Я стала слишком глупой и никому не верю.
Боюсь открытых окон и тёмных переулков.
Хожу назад и боком, пишу рукою левой,
и сплетни распускаю о том, что я плохая.
Ещё я разучилась писать, чтоб было складно,
нарочно избавляюсь от надоевшей рифмы.
А для людей казаться хотелось бы мне странной,
чтоб обзывали дурой и прогоняли прочь.
В изгнании, возможно, нашла бы я отраду,
и повод делать рифмы, и просто пострадать.
Катались бы слезинки, как бусинки по полу.
Я б плакалась в жилетку к мужчине, но чужому.
В порыве мимолётном, его бы совратила -
в глаза порочным взглядом случайно б посмотрела.
И было бы не стыдно, перед его подругой.
Ведь я её не знаю, чего её жалеть?
Наутро выпью кофе, он - чаю с бергамотом,
покурим на балконе, оставлю телефон.
А на душе то пусто, а на душе - лохмотья,
в глазах - чужие тени.
И никакого счастья от этого тепла.
Пройдусь по старым песням, залистанным журналам,
залапанным картинам, одежде second hand.
И этим попытаюсь в себя вселить чужое,
сварить его в кастрюле и слопать на обед.

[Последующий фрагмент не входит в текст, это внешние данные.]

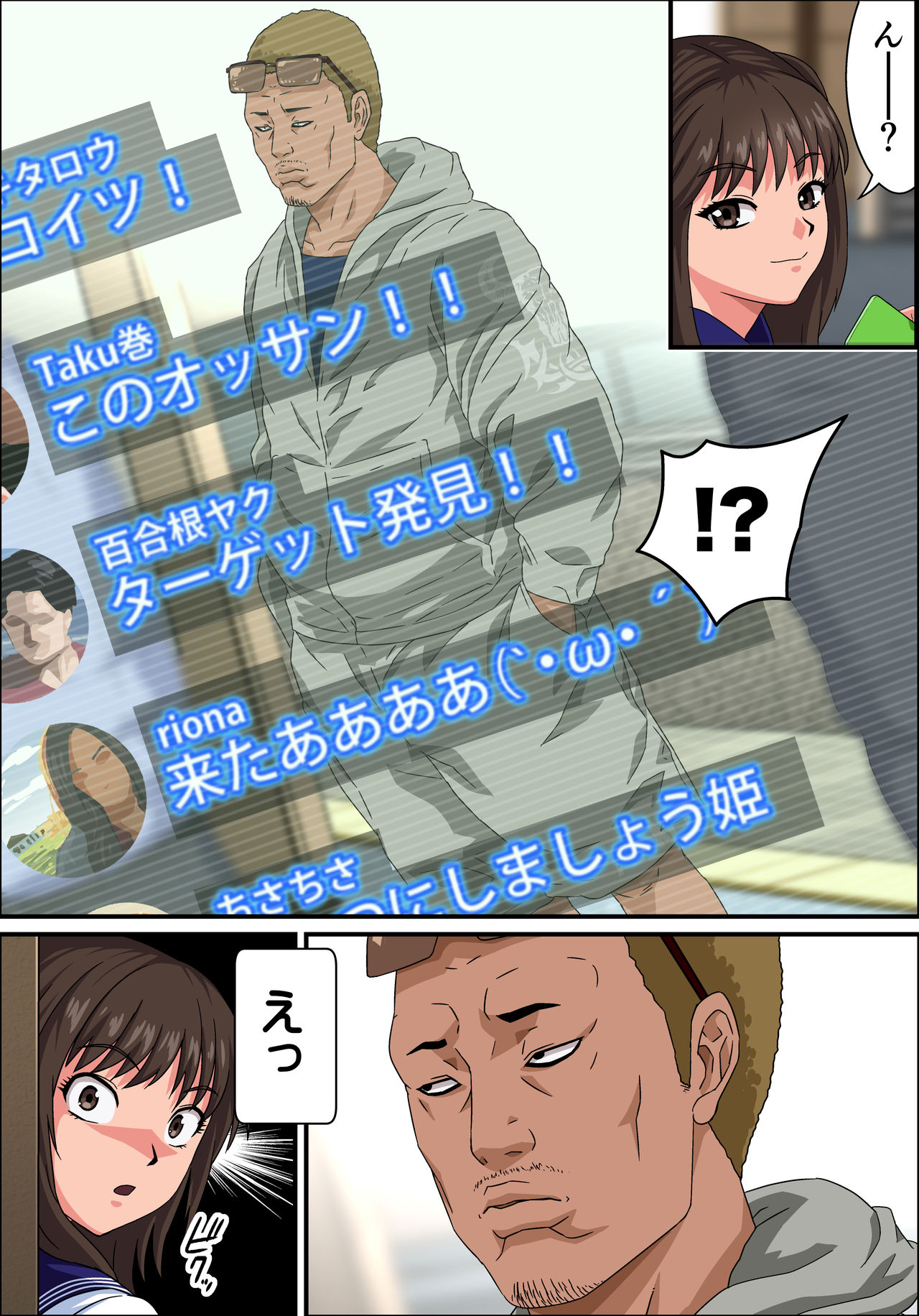 JK Enjou -Shazai Sex Namahaishin- Chikan Otoko no Fukushuu no Ejiki ni Sareru Net no Hime page 8 full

Вот только есть опаска и боязнь подавиться.
Приходится жить личным - от этого скучать.
На пальцах вижу иней: я стану королевой,
но не английской Лизой, а снежной и холодной.

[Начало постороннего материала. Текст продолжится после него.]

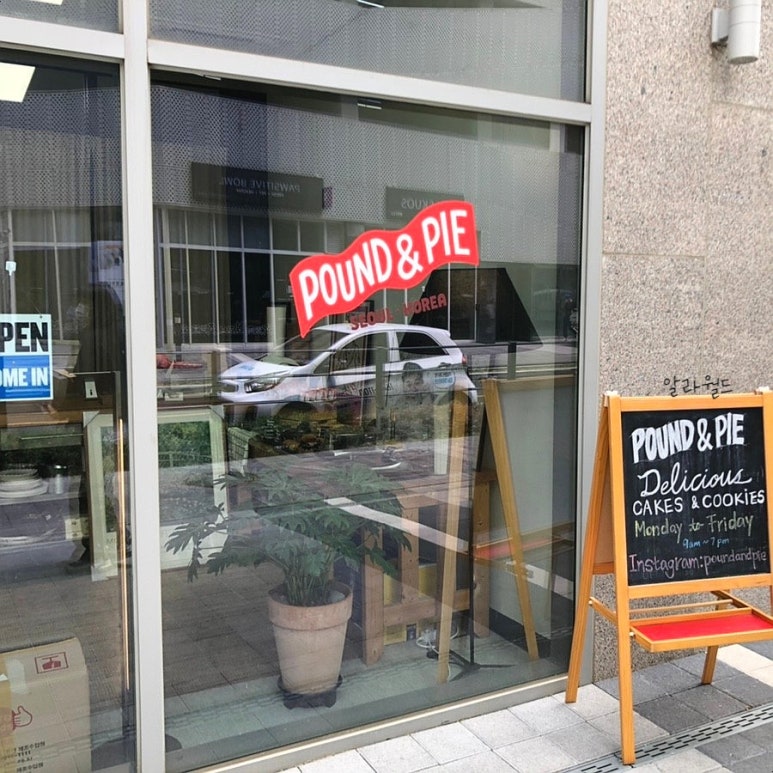 파운드앤파이 이미지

Из кубиков хрустальных сложить заставлю слово
какую-нибудь Герду, а Кая не отдам.
Самой мне пригодится - я Каяться люблю.
В моём обледенении - существенные плюсы:
теперь могу растаять, а стало бы исчезнуть.
Но прежде я, пожалуй, сыграю пару блюзов,
чтоб все соседи съехали, услышав этот ужас.
Я стану тихо властвовать на лестничной площадке.
Ещё один порок мой - я собственница жуткая
и до свободы жадная, её мне вечно мало.
Я отпускаю когти, мне хочется стать кошкой,
на солнышке мурлыкать, к кому-нибудь прибиться,
чтобы меня любили, как любят человеки
котов, а не людей.
И я отвечу тем же - любовью по-кошачьи.
Любить по человечьи - значительно больней.